Limitations of the few-shot prompting technique: 
- While LLMs can pick up on the patterns in the examples, these technique doesn't work well on complex reasoning tasks
- Few-shot prompting requires creating lengthy prompts. Prompts with large number of tokens can increase computation and latency. There's also a limit to the length of the prompts.  
- Sometimes when given a number of examples, models can learn patterns that you didn't intend them to learn, e.g. that the third movie review is always negative.

### Chain-of-thought

Chain-of-thought (CoT) prompting is a technique that nudges a model to produce intermediate reasoning steps thus improving 
the results on complex reasoning tasks. 

There are two ways of steering a model to producing the reasoning steps:
- few-shot prompting by illustrating examples with detailed answers to questions, showing the model how to work through a problem.
- by instructing the model to reason by adding phrases like "Let's think step by step" or "Take a deep breath and work through the problem step by step."

If we apply the CoT technique to the muffins example from the [reasoning section](#reasoning) and use a larger model, 
such as (`tiiuae/falcon-180B-chat`) which you can play with in the [HuggingChat](https://huggingface.co/chat/), 
we'll get a significant improvement on the reasoning result:

```text
Let's go through this step-by-step:
1. You start with 15 muffins.
2. You eat 2 muffins, leaving you with 13 muffins.
3. You give 5 muffins to your neighbor, leaving you with 8 muffins.
4. Your partner buys 6 more muffins, bringing the total number of muffins to 14.
5. Your partner eats 2 muffins, leaving you with 12 muffins.
Therefore, you now have 12 muffins.
```

## Prompting vs fine-tuning

You can achieve great results by optimizing your prompts, however, you may still ponder whether fine-tuning a model 
would work better for your case.
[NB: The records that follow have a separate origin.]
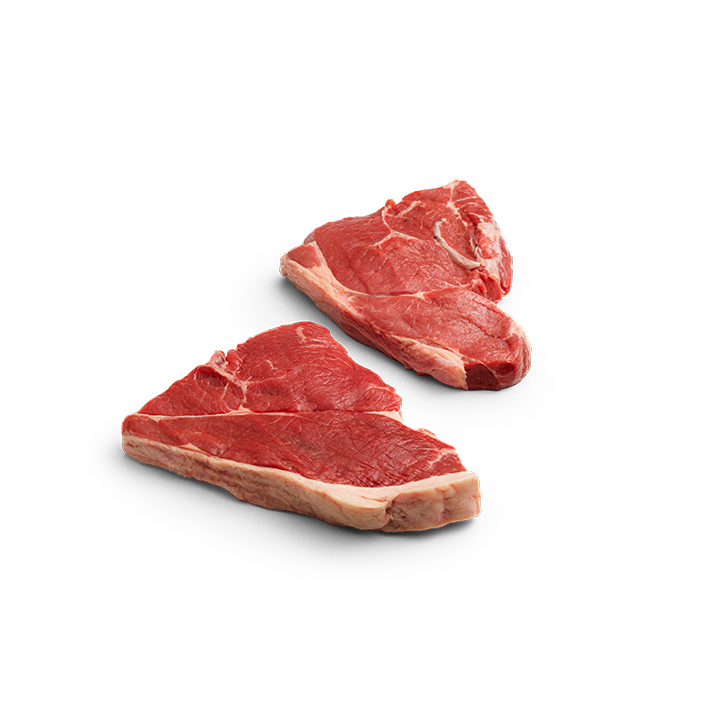 Rump Steak (2pcs) 600g - 700g - Fresh Boxed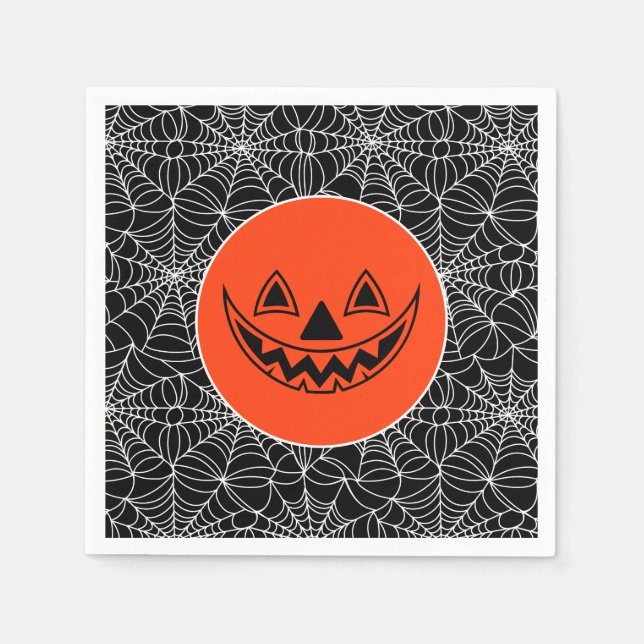 Servilleta De Papel Papel de Halloween (Anverso)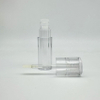 Wholesale Portable Makeup 4ml Clear Gloss Container Transparent Lip Gloss Wand Tubes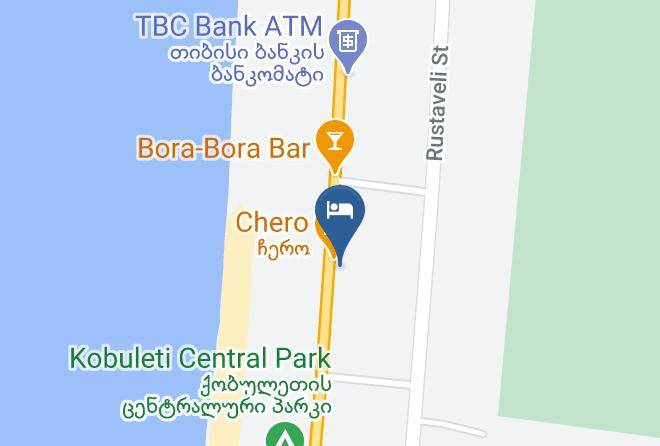 Kobuleti - Hotel Chero Maps
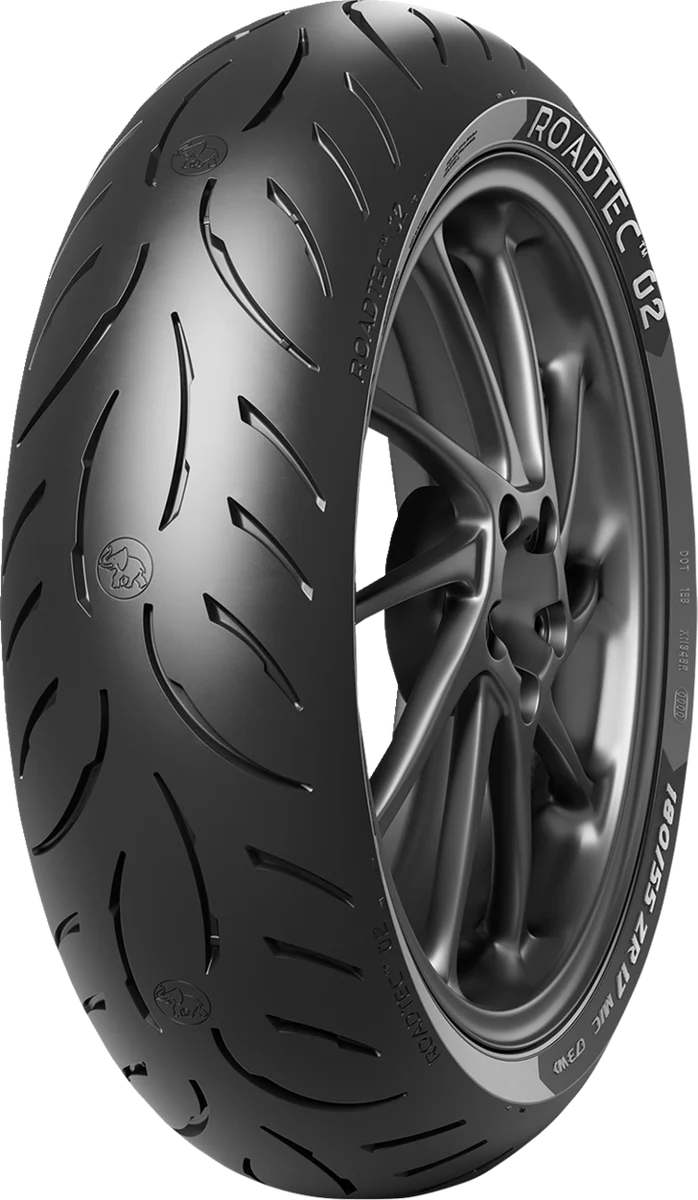 Sustainable METZELER Tire - Roadtec™ 02 - Rear - 170 60ZR17 - 72V 4702900 First-Class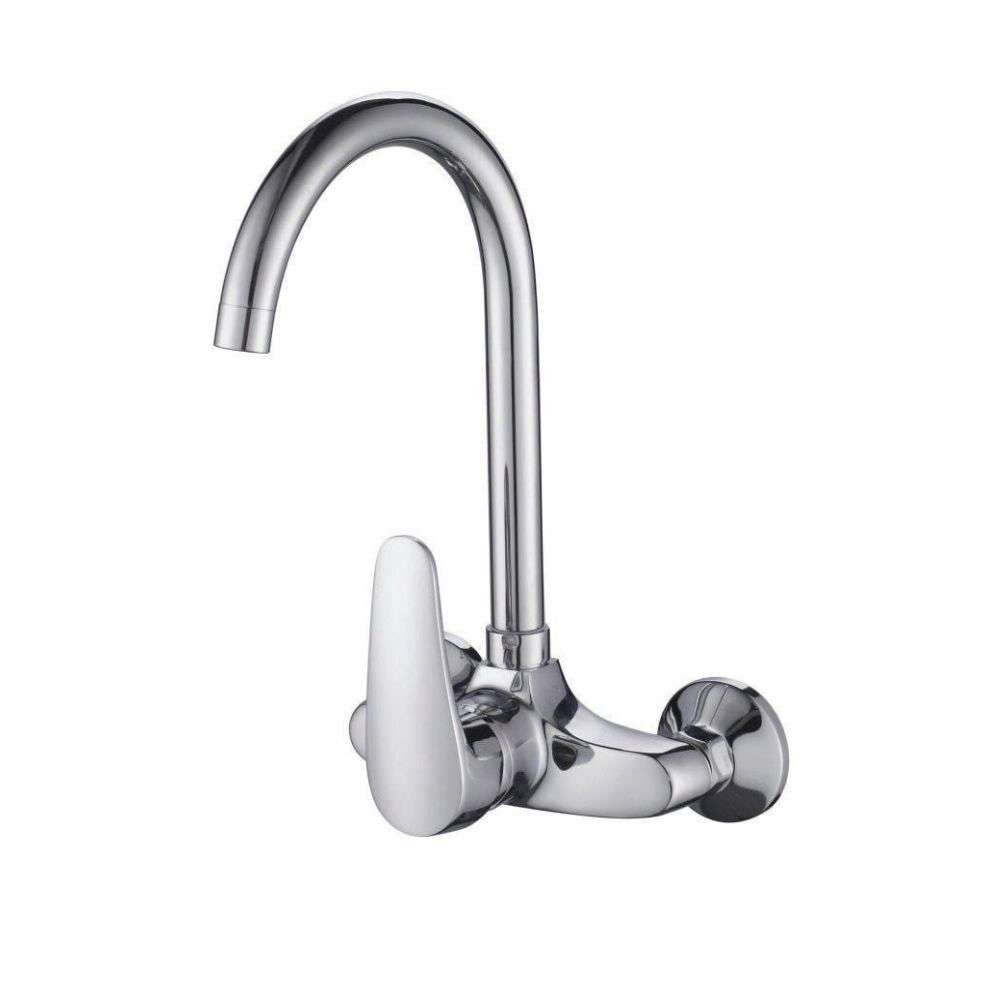 Milano Hira 140100300358 Wall Mounted Single Lever Kitchen Sink Mixer 0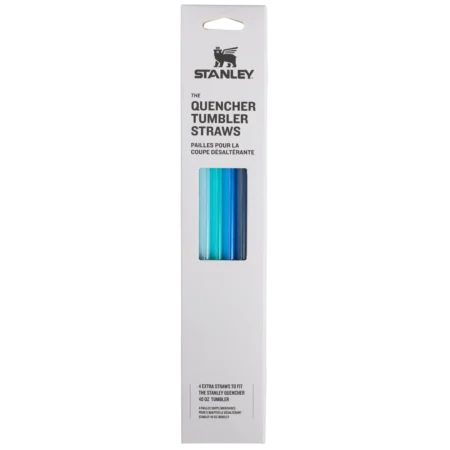 Stanley - Słomki Do Kubka Termicznego Quencher H2.O FlowState™ 4-pak (1.18L) - Niebieskie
Here are some scenarios when fine-tuning a smaller model may be a preferred option:

- Your domain is wildly different from what LLMs were pre-trained on and extensive prompt optimization did not yield sufficient results. 
- You need your model to work well in a low-resource language.
- You need the model to be trained on sensitive data that is under strict regulations. 
- You have to use a small model due to cost, privacy, infrastructure or other limitations. 

In all of the above examples, you will need to make sure that you either already have or can easily obtain a large enough 
domain-specific dataset at a reasonable cost to fine-tune a model. You will also need to have enough time and resources 
to fine-tune a model.

If the above examples are not the case for you, optimizing prompts can prove to be more beneficial.